Information shown below:

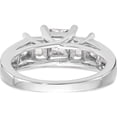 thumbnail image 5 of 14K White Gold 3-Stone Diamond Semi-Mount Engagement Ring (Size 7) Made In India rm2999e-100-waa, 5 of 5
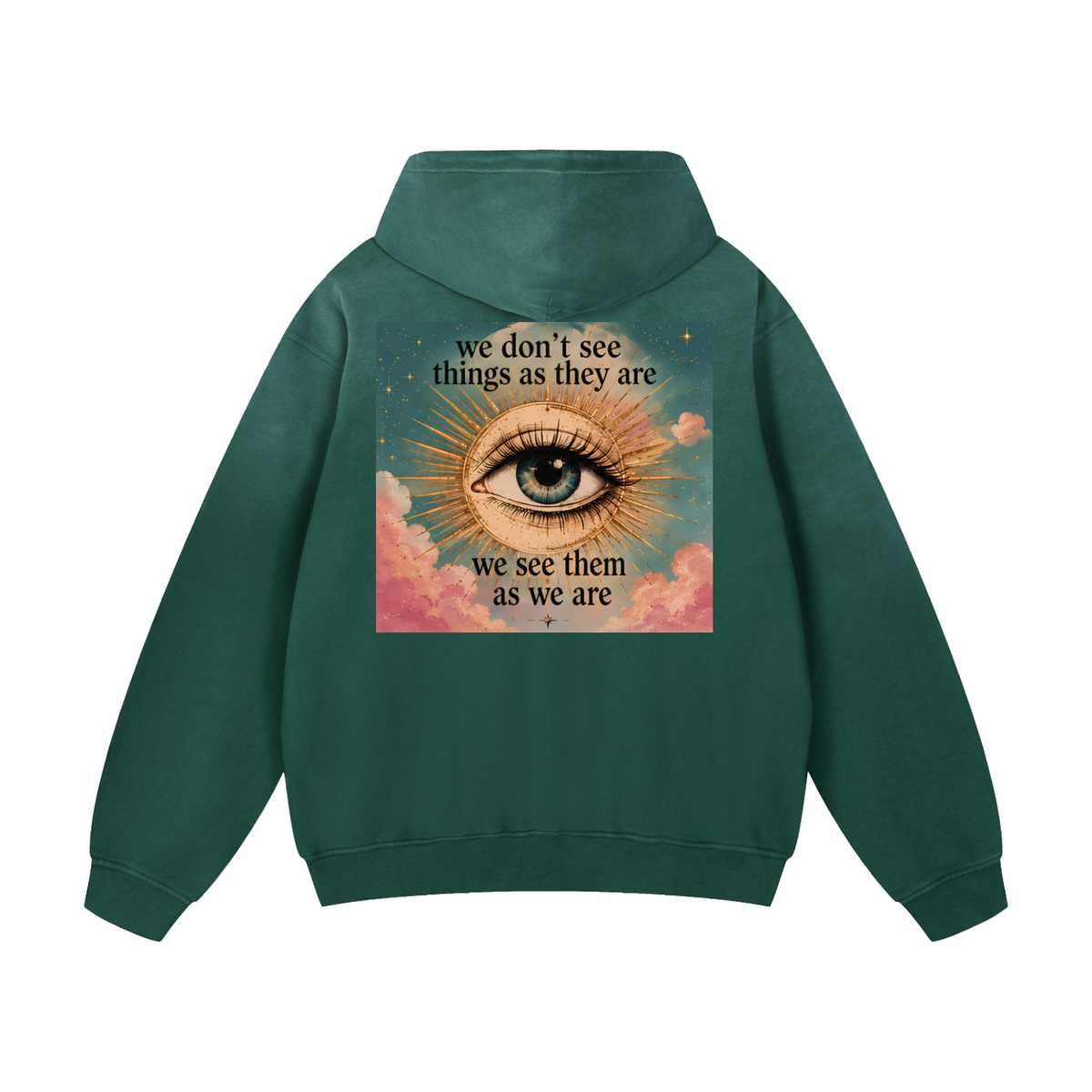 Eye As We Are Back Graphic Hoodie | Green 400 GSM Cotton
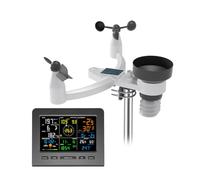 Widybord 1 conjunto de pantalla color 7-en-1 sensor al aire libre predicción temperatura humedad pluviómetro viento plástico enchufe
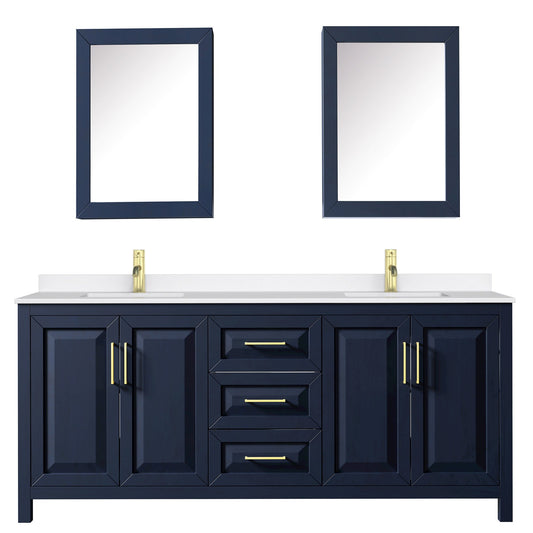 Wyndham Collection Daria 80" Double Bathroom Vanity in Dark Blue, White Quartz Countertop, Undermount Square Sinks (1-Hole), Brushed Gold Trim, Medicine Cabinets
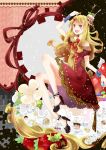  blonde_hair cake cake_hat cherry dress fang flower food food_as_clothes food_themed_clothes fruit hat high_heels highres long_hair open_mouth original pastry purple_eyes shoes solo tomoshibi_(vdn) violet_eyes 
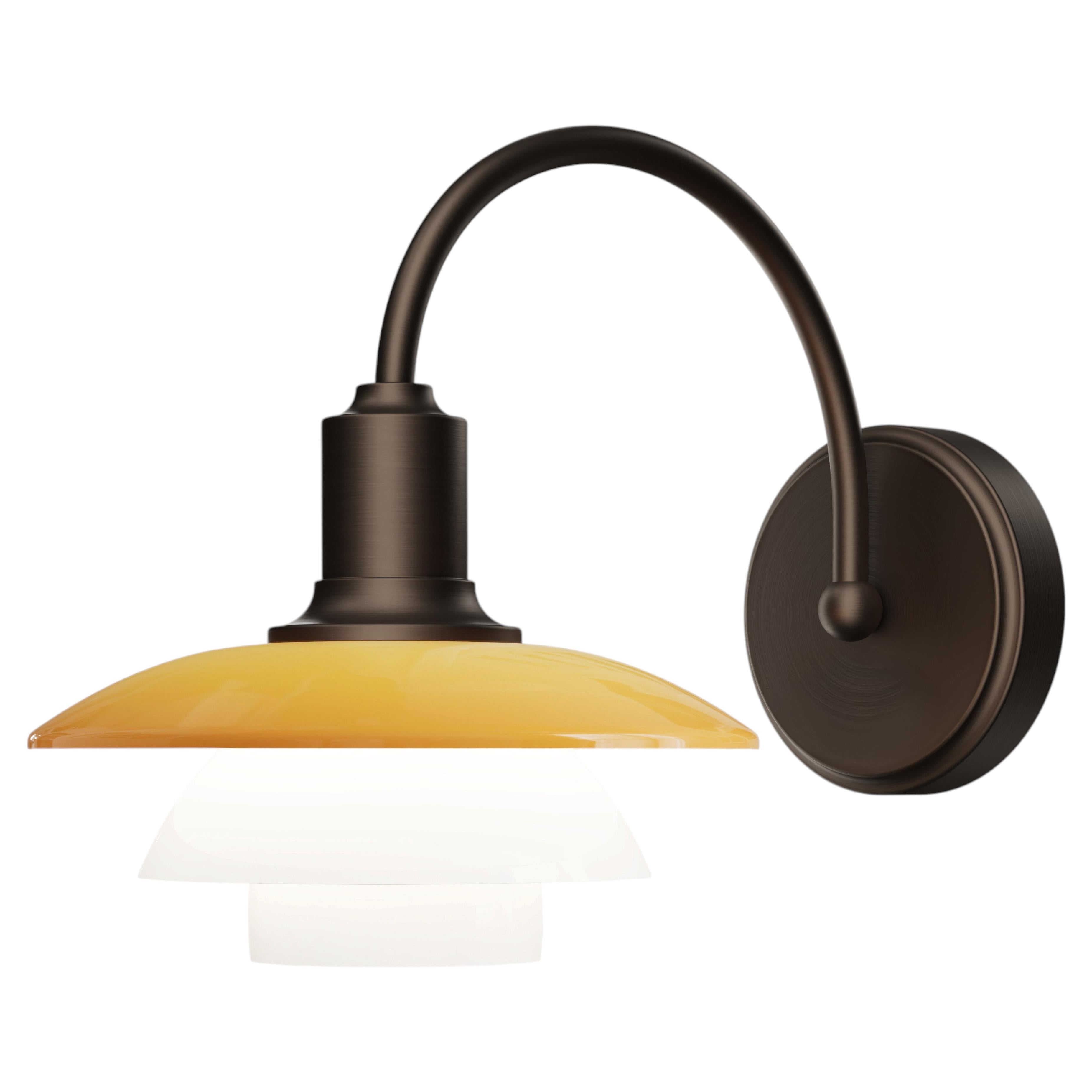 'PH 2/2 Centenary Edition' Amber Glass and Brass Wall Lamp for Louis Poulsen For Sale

End of Information shown.

▶ Your instructions: Give again, word for word, the line containing "blonde_hair cake cake_hat" and every line after it to the end of the records; leave out the pictures.

▶ Answer to this exercise:
  blonde_hair cake cake_hat cherry dress fang flower food food_as_clothes food_themed_clothes fruit hat high_heels highres long_hair open_mouth original pastry purple_eyes shoes solo tomoshibi_(vdn) violet_eyes 
 'PH 2/2 Centenary Edition' Amber Glass and Brass Wall Lamp for Louis Poulsen For Sale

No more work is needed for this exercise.